[[ Dataset, beginning ]]

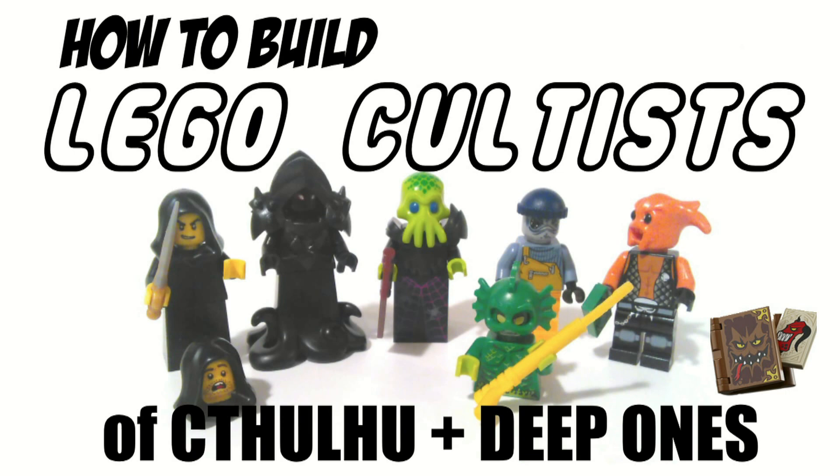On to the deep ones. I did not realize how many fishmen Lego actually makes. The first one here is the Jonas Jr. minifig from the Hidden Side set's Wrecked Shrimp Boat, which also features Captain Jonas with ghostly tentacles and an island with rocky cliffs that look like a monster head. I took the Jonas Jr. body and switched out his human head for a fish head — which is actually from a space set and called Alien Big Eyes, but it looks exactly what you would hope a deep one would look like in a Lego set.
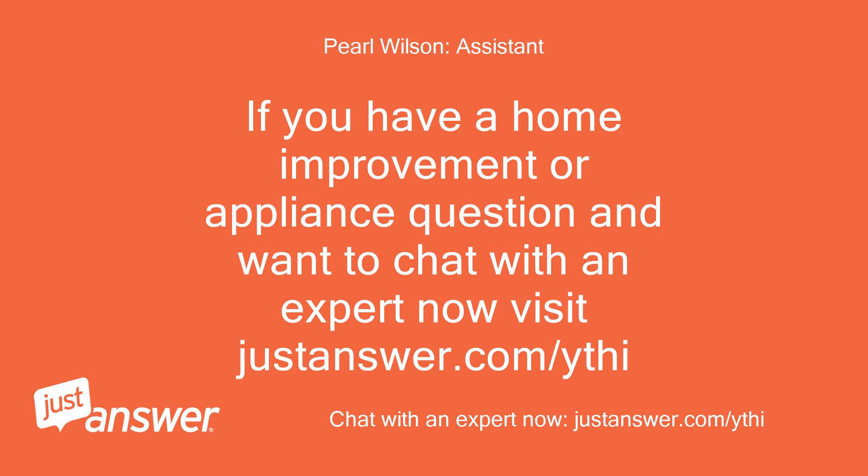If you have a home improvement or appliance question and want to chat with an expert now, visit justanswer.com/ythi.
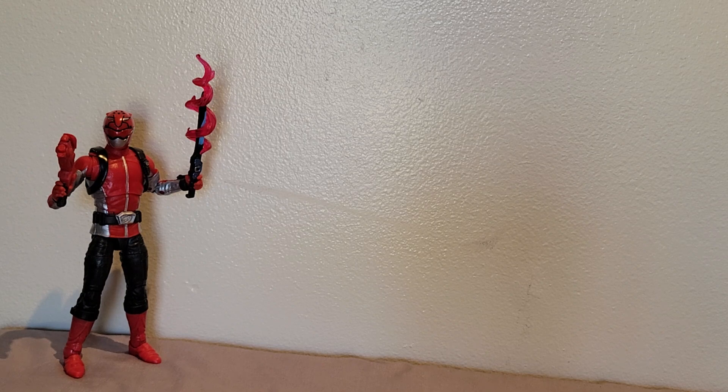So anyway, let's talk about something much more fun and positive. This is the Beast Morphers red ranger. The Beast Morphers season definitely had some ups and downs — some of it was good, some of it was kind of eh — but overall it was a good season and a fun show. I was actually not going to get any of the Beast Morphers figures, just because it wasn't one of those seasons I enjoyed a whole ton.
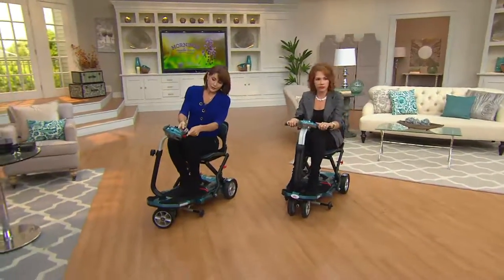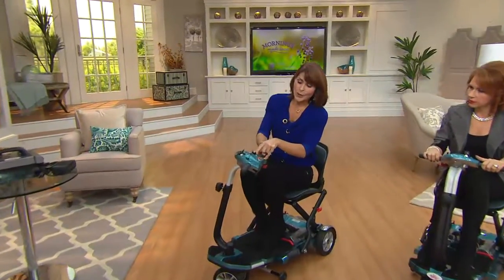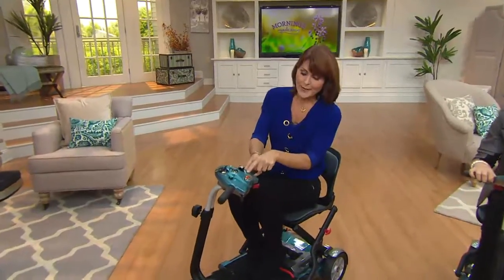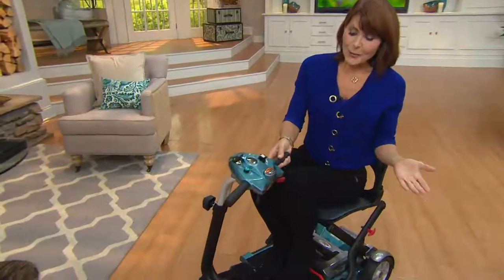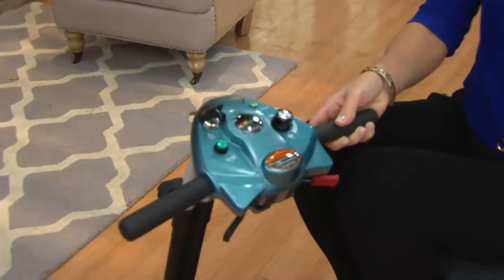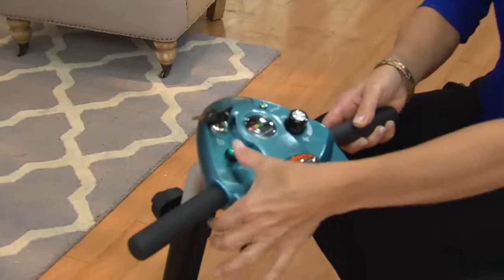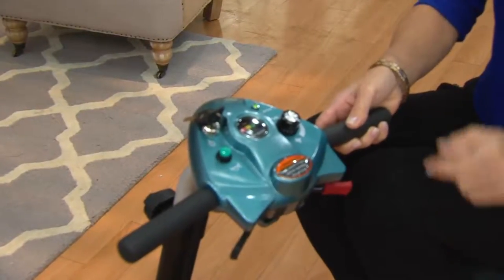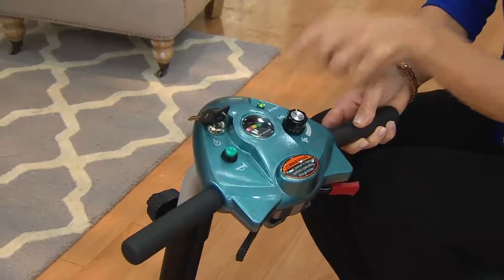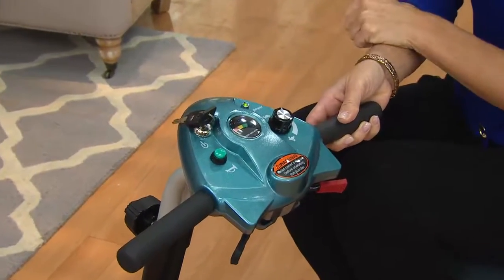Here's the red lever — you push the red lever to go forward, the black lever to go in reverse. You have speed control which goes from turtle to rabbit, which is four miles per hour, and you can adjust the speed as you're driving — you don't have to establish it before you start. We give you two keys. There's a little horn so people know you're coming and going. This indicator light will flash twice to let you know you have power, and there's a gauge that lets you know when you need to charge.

[[ Dataset, end ]]
[[ Dataset, beginning ]]

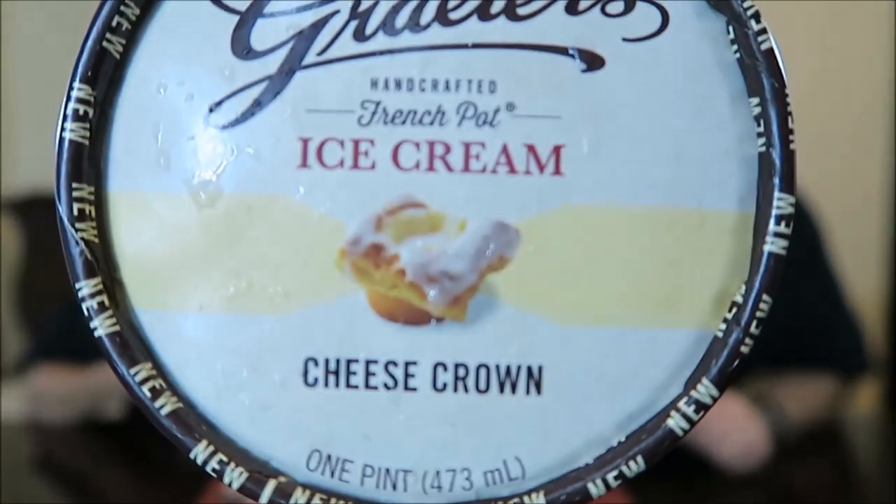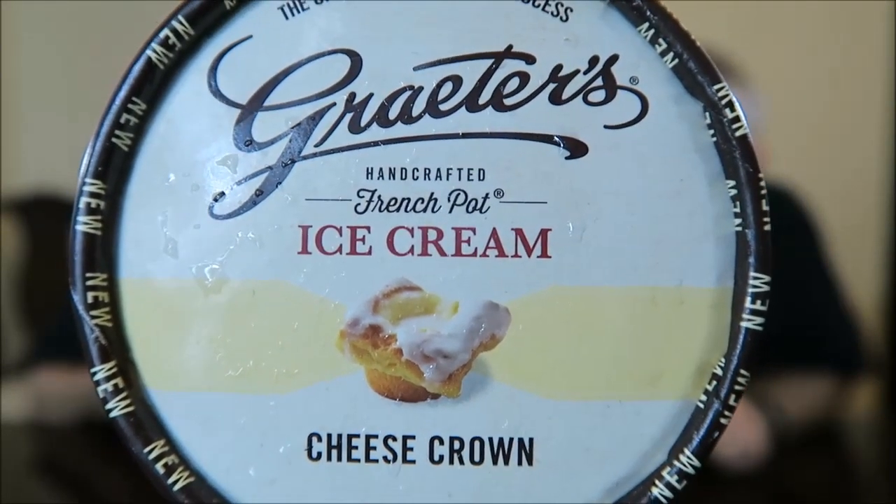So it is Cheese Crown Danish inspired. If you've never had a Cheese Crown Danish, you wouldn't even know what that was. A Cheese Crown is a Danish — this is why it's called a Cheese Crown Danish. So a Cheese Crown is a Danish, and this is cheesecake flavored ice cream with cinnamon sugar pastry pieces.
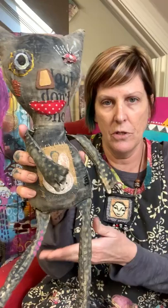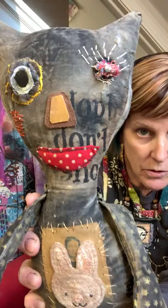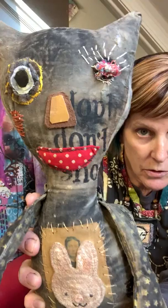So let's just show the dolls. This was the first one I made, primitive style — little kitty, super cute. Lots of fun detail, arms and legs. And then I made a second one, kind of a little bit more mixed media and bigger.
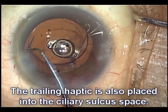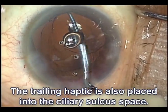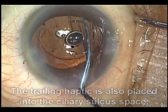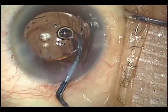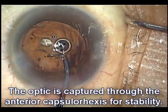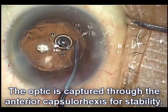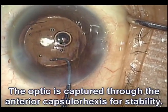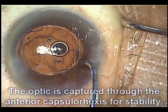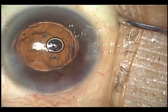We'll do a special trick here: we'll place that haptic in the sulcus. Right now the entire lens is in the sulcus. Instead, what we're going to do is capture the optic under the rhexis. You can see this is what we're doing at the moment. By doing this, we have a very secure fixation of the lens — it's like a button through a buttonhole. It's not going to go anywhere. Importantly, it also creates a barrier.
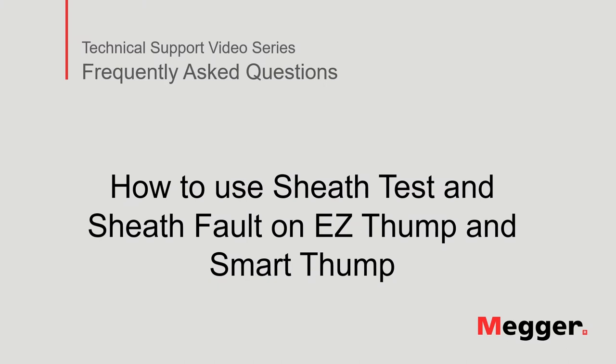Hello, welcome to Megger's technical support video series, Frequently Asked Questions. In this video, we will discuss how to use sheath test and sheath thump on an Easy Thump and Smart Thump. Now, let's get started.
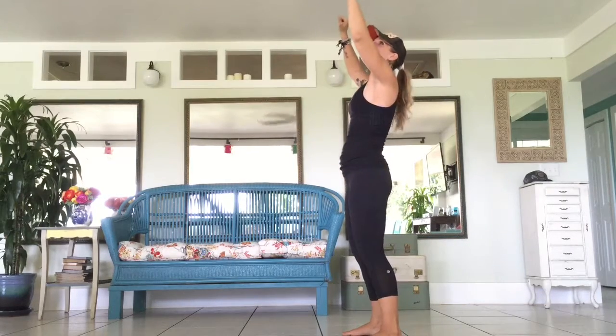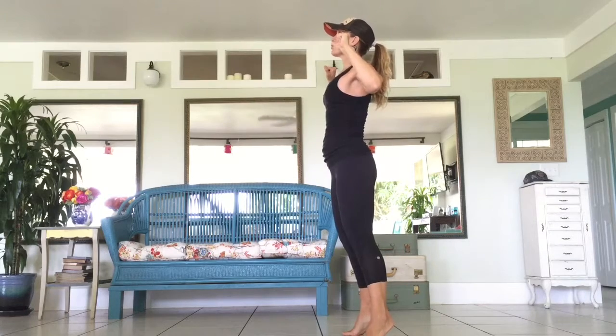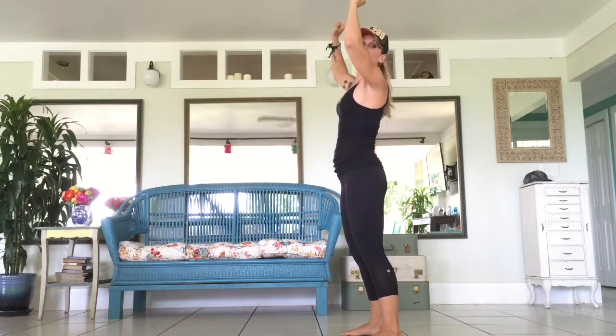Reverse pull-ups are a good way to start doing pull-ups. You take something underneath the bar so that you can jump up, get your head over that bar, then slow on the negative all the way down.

[[ Dataset, end ]]

- **Your instructions**
Without the pictures, set down the lines above from the line with "So let's just" up to and including the line with "We'll do a special" exactly as they stand.

- **Solution for this problem**
So let's just show the dolls. This was the first one I made, primitive style — little kitty, super cute. Lots of fun detail, arms and legs. And then I made a second one, kind of a little bit more mixed media and bigger.
We'll do a special trick here: we'll place that haptic in the sulcus. Right now the entire lens is in the sulcus. Instead, what we're going to do is capture the optic under the rhexis. You can see this is what we're doing at the moment. By doing this, we have a very secure fixation of the lens — it's like a button through a buttonhole. It's not going to go anywhere. Importantly, it also creates a barrier.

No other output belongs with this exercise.